Exercise instructions – Output the listing below exactly, minus its images.

Recorded information –
────────────────

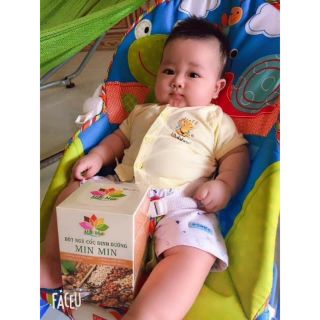 1 kg bột ngũ cốc Min Min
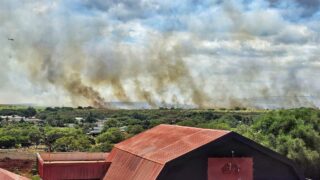 Final update: 1,000 Acre Kauai Wildfire Reporting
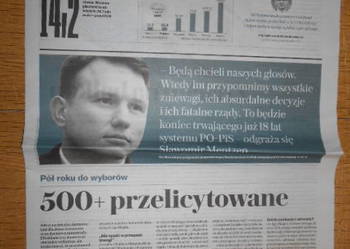 "Ekonomia+" nr 138 - Gazeta Wyborcza "Ekonomia+" nr 138 - Gazeta Wyborcza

────────────────

Reply –
 1 kg bột ngũ cốc Min Min
 Final update: 1,000 Acre Kauai Wildfire Reporting
 "Ekonomia+" nr 138 - Gazeta Wyborcza "Ekonomia+" nr 138 - Gazeta Wyborcza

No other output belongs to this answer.